In Burlington, Strang took up for the first time the practice of law. During his first winter in the territory, he attended a Mormon meeting to hear an apostle of Joseph Smith’s known as the Wild Ram of the Mountains. Strang had never been susceptible to the theatricality of evangelical preachers. In fact, he had described himself in his diary as “a cool Philosopher.” But perhaps when he saw how the Wild Ram could shake the windowpanes and move his listeners to religious ecstasy, he was envious. We have no record of his feelings, but we know he was sufficiently interested in Mormonism to journey some two hundred miles to the south, to Nauvoo, Illinois, where after talking with Joseph Smith he was baptized a Mormon.

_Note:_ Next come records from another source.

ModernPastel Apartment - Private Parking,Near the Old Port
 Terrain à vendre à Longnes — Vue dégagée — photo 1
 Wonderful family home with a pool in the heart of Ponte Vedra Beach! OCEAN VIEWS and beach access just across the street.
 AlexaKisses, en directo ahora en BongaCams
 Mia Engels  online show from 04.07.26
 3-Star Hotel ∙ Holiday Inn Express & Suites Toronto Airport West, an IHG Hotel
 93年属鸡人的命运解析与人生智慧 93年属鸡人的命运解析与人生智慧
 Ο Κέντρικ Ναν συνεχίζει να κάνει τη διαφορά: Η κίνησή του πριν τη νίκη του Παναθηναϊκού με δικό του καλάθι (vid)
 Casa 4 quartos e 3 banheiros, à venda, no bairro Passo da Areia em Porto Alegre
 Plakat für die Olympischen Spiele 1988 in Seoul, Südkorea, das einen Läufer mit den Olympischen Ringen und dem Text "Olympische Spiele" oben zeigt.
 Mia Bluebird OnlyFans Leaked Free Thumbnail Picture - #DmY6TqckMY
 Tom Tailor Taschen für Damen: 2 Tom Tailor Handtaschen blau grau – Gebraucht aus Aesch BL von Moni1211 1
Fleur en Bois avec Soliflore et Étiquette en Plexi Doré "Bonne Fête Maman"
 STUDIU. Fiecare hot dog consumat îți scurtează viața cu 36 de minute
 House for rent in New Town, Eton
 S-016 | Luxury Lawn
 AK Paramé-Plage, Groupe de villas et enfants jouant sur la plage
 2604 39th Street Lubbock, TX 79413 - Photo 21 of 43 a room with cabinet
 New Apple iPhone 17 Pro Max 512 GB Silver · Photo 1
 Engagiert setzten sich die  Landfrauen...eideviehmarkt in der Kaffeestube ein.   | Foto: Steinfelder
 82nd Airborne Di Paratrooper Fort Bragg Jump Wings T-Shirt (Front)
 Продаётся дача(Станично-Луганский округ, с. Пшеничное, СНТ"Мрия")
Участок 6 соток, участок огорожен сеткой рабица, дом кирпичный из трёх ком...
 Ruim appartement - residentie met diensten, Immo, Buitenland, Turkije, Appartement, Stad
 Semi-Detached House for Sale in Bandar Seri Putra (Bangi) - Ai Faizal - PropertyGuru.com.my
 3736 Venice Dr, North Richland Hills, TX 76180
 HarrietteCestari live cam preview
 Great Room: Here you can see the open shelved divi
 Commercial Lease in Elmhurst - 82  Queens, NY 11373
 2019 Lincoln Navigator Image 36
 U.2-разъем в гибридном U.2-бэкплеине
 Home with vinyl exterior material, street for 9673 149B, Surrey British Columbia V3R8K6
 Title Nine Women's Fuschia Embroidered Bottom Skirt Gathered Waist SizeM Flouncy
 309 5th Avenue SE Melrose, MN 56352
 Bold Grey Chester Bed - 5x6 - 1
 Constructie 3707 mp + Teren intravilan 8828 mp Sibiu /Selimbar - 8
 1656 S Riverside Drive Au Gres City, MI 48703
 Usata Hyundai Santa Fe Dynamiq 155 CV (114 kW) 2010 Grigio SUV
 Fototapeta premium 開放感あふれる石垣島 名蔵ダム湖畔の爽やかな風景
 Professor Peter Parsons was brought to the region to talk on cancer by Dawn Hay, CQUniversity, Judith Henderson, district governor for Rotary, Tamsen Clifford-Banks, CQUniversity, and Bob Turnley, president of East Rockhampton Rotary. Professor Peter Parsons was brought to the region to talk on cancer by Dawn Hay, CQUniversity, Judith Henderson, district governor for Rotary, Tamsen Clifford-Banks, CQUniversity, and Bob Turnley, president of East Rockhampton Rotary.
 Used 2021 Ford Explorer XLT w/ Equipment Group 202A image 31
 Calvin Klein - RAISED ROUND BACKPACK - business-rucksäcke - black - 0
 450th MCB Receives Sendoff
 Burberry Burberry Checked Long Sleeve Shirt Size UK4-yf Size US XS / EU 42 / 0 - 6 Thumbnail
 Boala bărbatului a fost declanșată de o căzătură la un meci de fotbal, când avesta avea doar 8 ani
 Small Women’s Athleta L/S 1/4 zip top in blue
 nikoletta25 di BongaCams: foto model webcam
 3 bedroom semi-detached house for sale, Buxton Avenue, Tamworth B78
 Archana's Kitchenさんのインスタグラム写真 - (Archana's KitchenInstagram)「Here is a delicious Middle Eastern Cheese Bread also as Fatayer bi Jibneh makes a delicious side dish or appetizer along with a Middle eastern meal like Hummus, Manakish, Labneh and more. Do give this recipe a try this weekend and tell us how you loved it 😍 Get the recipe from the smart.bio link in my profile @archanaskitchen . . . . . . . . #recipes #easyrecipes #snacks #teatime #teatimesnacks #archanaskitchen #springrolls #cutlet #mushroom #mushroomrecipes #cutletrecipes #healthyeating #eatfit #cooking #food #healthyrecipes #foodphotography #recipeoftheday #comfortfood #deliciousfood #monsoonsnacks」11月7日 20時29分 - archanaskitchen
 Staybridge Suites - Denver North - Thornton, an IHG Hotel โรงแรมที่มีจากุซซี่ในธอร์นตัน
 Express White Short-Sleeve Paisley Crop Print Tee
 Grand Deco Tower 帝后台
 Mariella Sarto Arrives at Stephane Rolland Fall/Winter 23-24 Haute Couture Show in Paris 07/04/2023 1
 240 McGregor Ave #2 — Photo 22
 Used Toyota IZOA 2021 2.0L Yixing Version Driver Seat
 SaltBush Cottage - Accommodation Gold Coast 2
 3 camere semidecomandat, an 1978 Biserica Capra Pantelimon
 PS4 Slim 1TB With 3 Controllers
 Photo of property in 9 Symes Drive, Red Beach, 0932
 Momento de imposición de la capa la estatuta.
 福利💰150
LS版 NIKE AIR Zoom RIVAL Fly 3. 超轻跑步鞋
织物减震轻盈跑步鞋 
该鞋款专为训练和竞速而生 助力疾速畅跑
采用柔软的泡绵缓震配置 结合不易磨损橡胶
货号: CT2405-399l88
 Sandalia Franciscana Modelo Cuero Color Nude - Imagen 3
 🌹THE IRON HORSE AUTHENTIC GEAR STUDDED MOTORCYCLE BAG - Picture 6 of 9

As he baptized Strang, the Prophet is reported to have said: “Thou shall hold the Keys of the Melchizedek priesthood, shall walk with Moses, Enoch, and Elijah, and shall talk with God face to face.” It was not quite like marrying the heir to the British throne, but it had possibilities. Especially in 1844; for Illinois seethed with political intrigue and violent anti-Mormon feeling. Clearly, the sect could not last much longer in Nauvoo. When Strang proposed to Joseph Smith and his brother Hyrum that he found a Mormon colony near Burlington, Wisconsin, they made him an elder of the church and urged him to report on the possibilities to the north.

Strang’s report from Burlington came too late for Joseph Smith to do much about it. On June 27, a few days after receiving it, Joseph and Hyrum were killed by a mob in Carthage, Illinois. Smith had been such a colorful, powerful leader that to many his death meant the end of Mormonism. In the New York Herald ’s, obituary James Gordon Bennett wrote, “The death of the modern Mahomet will seal the fate of Mormonism. They cannot get another Joe Smith. The holy city must tumble into ruins, and the ‘latter day saints’ have indeed come to the latter day.”

To Bennett’s credit he revised this judgment two days later: “Instead of sealing the fate of Mormonism, we are now rather inclined to believe that this revolting transaction may give only additional and increased strength to that sect.” But the immediate future of the church was extremely dark. As the twelve apostles who ruled the church under Smith assembled in Nauvoo, they were in shocked despair. In this awful crisis of the young church only one Mormon responded with what must have amounted to joy: James Jesse Strang.

At the moment when a rifle ball struck Smith, causing him to fall to his death out of the second-story window of the Carthage jail, Strang was taking a solitary walk through the countryside outside Burlington. As the Prophet’s life was extinguished, Strang said later, he heard celestial music, looked into the sky, and saw an angel accompanied by a heavenly host glide down onto the meadow in which he stood. The angel stretched forth a hand, anointing his head with oil as a sign that henceforth Prophet Strang was to be the supreme ruler of the Saints on earth.